↓↓↓
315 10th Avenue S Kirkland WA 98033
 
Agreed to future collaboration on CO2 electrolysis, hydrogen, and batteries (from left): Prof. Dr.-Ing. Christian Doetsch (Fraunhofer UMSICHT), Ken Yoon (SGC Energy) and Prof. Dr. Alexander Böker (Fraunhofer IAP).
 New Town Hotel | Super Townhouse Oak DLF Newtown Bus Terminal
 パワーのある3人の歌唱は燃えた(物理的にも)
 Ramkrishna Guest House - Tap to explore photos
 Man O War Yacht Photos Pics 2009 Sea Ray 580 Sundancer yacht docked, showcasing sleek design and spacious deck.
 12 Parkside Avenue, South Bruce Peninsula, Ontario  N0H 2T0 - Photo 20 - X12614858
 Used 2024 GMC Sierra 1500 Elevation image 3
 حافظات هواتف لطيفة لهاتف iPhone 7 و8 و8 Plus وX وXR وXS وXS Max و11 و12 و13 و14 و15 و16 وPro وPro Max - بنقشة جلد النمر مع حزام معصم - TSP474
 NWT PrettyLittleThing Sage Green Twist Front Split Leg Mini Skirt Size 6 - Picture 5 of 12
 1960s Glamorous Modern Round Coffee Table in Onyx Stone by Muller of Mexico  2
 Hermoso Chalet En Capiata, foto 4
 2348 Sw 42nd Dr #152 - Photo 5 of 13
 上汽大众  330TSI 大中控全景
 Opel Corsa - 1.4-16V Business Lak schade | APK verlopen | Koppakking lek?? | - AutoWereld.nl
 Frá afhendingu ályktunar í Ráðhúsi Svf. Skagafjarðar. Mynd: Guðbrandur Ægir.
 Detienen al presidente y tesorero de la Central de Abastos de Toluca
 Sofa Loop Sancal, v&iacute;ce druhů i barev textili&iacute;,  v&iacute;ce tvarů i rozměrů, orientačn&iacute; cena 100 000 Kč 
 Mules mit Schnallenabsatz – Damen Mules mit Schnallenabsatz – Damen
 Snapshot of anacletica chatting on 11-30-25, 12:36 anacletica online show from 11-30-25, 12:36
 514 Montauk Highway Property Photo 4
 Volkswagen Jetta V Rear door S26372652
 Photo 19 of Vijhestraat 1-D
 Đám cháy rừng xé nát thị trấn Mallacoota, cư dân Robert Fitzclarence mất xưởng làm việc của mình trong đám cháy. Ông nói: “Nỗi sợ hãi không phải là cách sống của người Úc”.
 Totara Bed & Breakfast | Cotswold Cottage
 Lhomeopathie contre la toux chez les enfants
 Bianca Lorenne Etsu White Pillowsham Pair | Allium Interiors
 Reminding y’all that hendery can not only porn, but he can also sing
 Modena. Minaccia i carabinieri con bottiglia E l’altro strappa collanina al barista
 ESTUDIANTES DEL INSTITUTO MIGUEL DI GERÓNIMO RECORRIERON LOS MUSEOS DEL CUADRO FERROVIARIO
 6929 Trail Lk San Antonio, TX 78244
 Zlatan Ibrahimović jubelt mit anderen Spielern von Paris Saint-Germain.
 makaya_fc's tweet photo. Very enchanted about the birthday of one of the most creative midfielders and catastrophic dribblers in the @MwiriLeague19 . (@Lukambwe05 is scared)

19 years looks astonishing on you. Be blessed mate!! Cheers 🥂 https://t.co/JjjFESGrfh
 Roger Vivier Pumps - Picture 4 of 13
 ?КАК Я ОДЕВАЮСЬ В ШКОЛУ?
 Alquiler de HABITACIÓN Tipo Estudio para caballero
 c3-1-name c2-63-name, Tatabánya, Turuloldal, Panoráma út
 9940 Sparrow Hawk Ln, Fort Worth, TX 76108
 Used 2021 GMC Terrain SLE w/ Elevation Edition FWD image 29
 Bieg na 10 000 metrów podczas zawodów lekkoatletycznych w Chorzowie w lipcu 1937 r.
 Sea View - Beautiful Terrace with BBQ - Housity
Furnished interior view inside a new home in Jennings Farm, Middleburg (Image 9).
↑↑↑
■ **Task brief**: Please report only the count of lines in the entries above where the word "Picture" appears.

■ **Solved exercise**: 2